» What to work on
Would you print the listing that follows exactly, but without its pictures?

» Exercise materials
+-------+

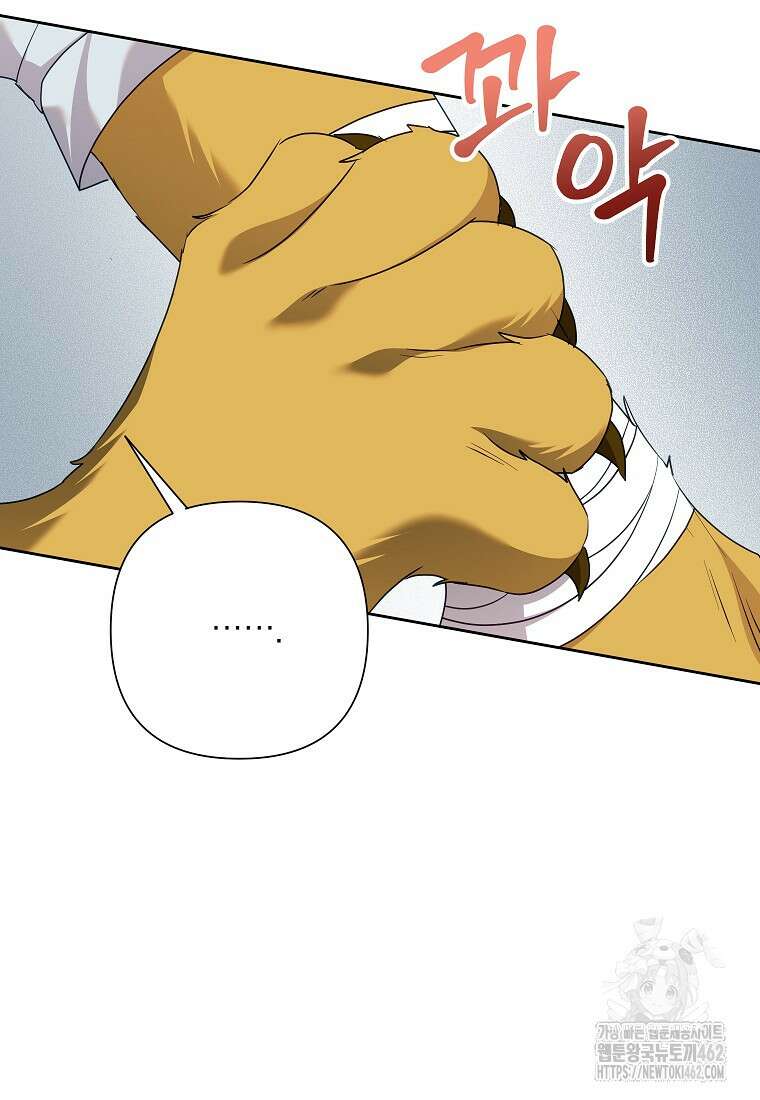 악녀는 오늘도 즐겁다 108화 94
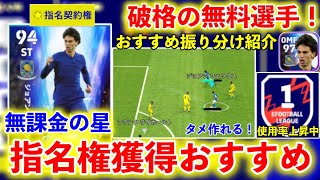 【無課金歓喜】指名権フェリクスおすすめ振り分け紹介！獲得して損しません！【イーフットボール2023アプリ】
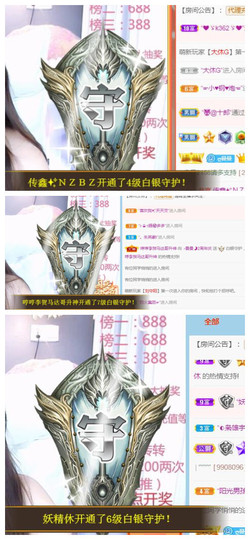 曼曼🌙暂停直播主播照片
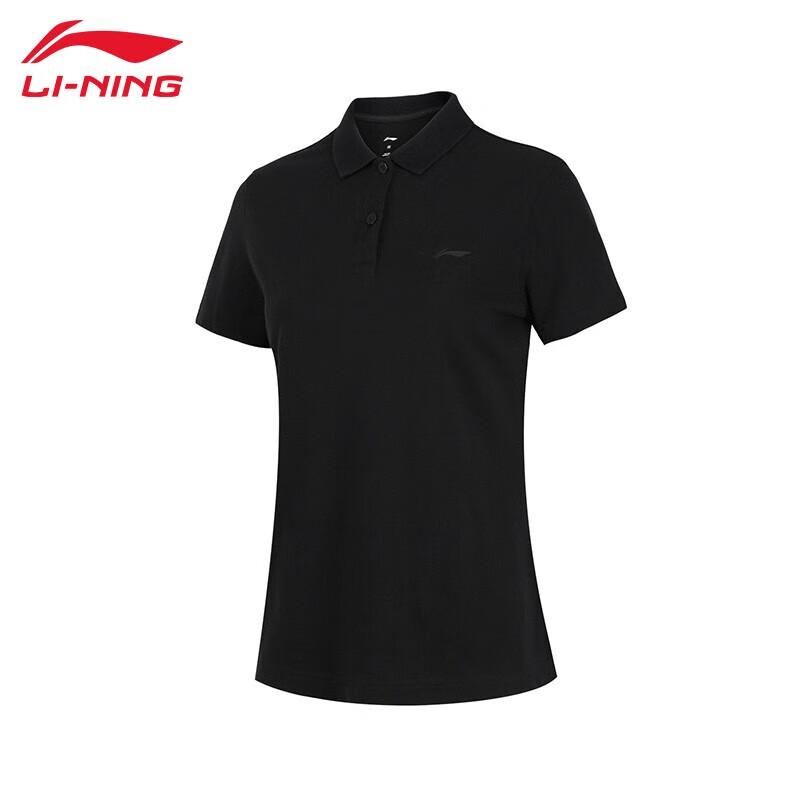 Li-Ning Women s Fitness Short Sleeve Polo Shirt APLT076 S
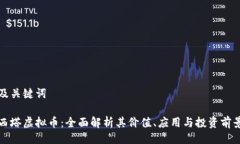及关键词西塔虚拟币：全面解析其价值、应用与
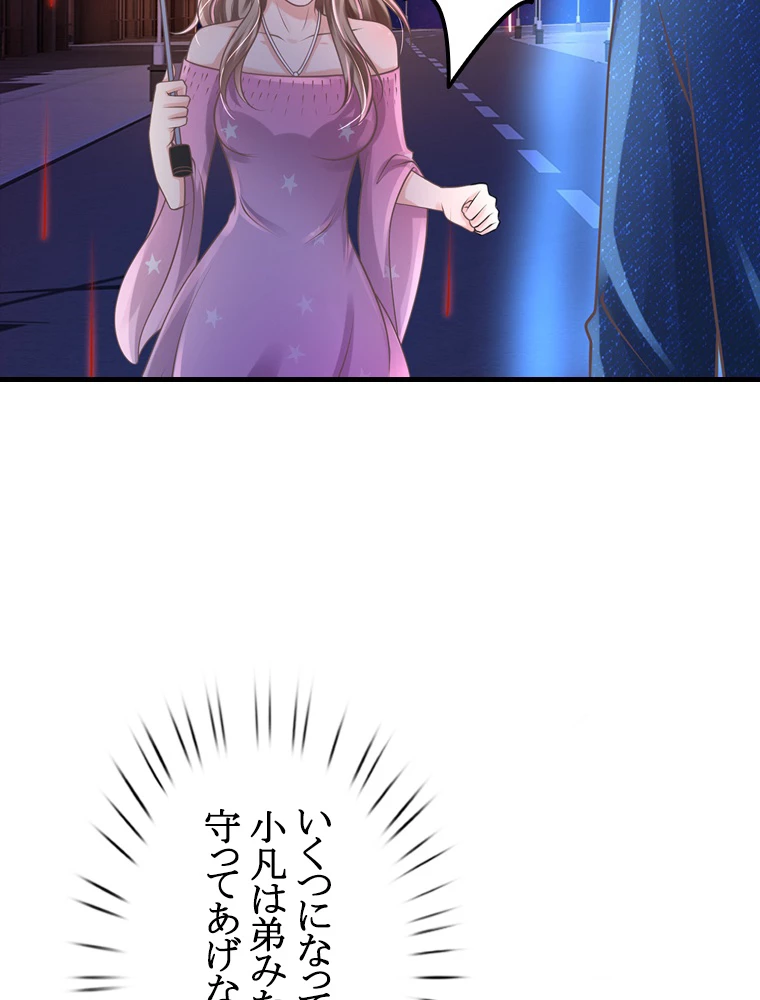 現世に帰還した最強神仙 64話 - 53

+-------+

» Output for this task
 악녀는 오늘도 즐겁다 108화 94
 【無課金歓喜】指名権フェリクスおすすめ振り分け紹介！獲得して損しません！【イーフットボール2023アプリ】
 曼曼🌙暂停直播主播照片
 Li-Ning Women s Fitness Short Sleeve Polo Shirt APLT076 S
及关键词西塔虚拟币：全面解析其价值、应用与
 現世に帰還した最強神仙 64話 - 53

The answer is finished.